El remordimiento sobre la conciencia que supone el recibimiento o pago de un soborno, no empieza con ninguno de estos dos verbos. La trama de esa peripecia la vivió un personaje histórico. Era Judea el año 33 D.C., y el Sanedrín –corte de justicia judía– reclamaba a gritos la cabeza de un filósofo con aires de reyezuelo que debía ser sentenciado por alta traición a los principios judíos. El Imperio creía en aquella época que la santería que venía predicando un ‘fulano de Nazaret’ no causaría mayores inconvenientes de los que ya tenían con sus apuñalamientos y envenenamientos internos; la próxima muerte de un César se veía venir, pero no de las manos de un semidiós o de algún personaje que se declarara hijo de los dioses. Los romanos estaban tan absortos con su embriaguez de poder que poco fue lo que significó el filósofo de Nazaret y sus doce correligionarios, a diferencia de lo que supuso in extremis para el propio pueblo que profesaba liberar.


El nativo de “las indias” del Nuevo Mundo, Felipillo, tenía una ira muy enraizada sobre sus orígenes en el incanato, el Imperio de los Incas, aunque para él no hacía mucha mella el hecho de ser indígena, era uno de los pocos bilingües que existía antaño; además de servir como intérprete entre ambos mundos, el español europeizante y el incaico milenario, Felipillo guardaba un celoso afán de hacerse con el poder a como dé lugar. Diego de Almagro era un completo ignorante en la lengua nativa, por eso mismo reclutaba desde la cuna a hombrecillos indígenas con potencial para servir como nexo entre los deseos del conquistador y sus subordinados.

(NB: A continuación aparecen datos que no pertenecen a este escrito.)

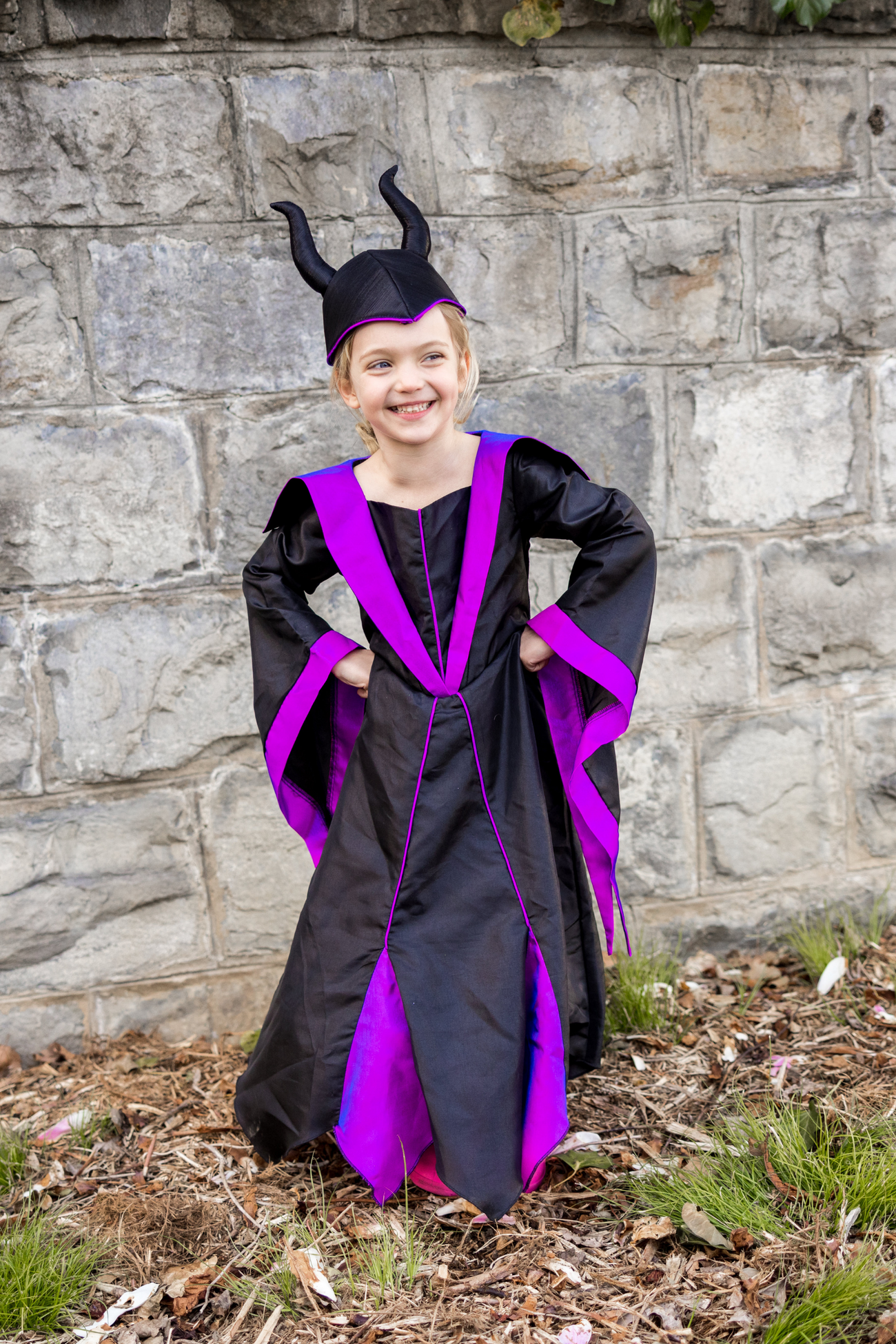 Villain Princess Dress and Headpiece Size 5-6 - Great Pretenders, photo 3 of 8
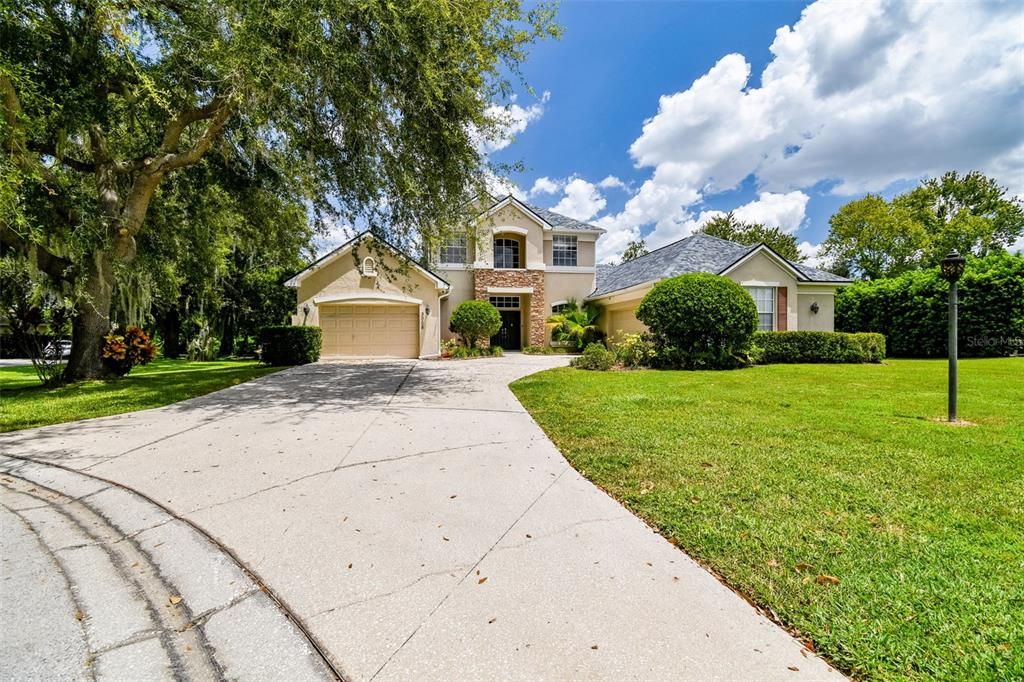 Recently Sold: $719,900 (4 beds, 3 baths, 2940 Square Feet)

A pesar de ser el hijo putativo de la Corona española, Felipillo tenía sus bemoles, y no era para menos, él era la voz cantante en escenarios donde el Conquistador pedía claridad a la hora de interrogar a los moradores; cualquier reclamo, había de pasar por el primer filtro: Felipillo. Las distorsiones inconscientes en las que caía de Almagro podía desencadenar una muerta lenta y dolorosa para quienes eran escuchados por su entrañable intérprete, los errores conscientes, premeditados y vesánicos no eran de esperarse, Felipillo casi siempre los hacía sin propósito de enmienda. Así, bajo ese esquema conveniente de trabajo, hacía y deshacía cualquier acto que a su discreción no convenía ser escuchado por Almagro. Como dice el viejo adagio popular: “De tu boca a los oídos de Dios”.


Nosotros hablábamos de un acto que tenía tanto arrastre moral como ético: desde las treinta monedas de plata que le dieron a Judas de Judea para acallar un palpitante dolor de muelas, hasta el pacto que los conquistadores de “las indias” celebraron con el Felipillo del Tahuantinsuyo para cebarse sobre las riquezas vírgenes de estas tierras llamadas Perú, Chile, Ecuador y Bolivia. Estas traiciones impulsadas por el rencor, odio y ambición, además de ser derivados del dolor y sufrimiento (pain and pleasure), grafican crudamente lo que para Jeremy Bentham fue “el gobierno de la naturaleza del hombre”; esos insumos mundanos, que no son exclusivos del ser humano, sino que forman parte integral de lo más primitivo en toda la creación divina.


En palabras de Bentham, ‘el pain and pleasure’, “nos indica lo que debemos hacer, así como determinar lo que haremos”; esta antítesis del LOGOS, junto con estos episodios históricos, son una herencia del pensamiento de que el dinero y la traición sirven como fundamento para colocarnos en un dilema ‘hamletiano’: de lo que es y en lo que pudo haber sido. No se necesita entrar a desvariar profundamente sobre el proceso, ni de cómo se dibujaba el panorama cultural en aquellos años, sino de visualizar el resultado, que es lo que siempre se cuenta a la hora rendir algún testimonial ante un común mortal investido de una autoridad moral –el juez–.


Y es de ‘resultados’ cuando de hablar sobre la diferencia entre moral y ética se trata; para lo primero, sirve como cortapisa la dimensión social y el rechazo colectivo (tan igual a como existía en la antigüedad: el ostracismo, esa especie de exilio para no seguir dañando la estructura social de determinada comunidad; aunque en la actualidad le llamemos eufemísticamente: la cultura de la cancelación).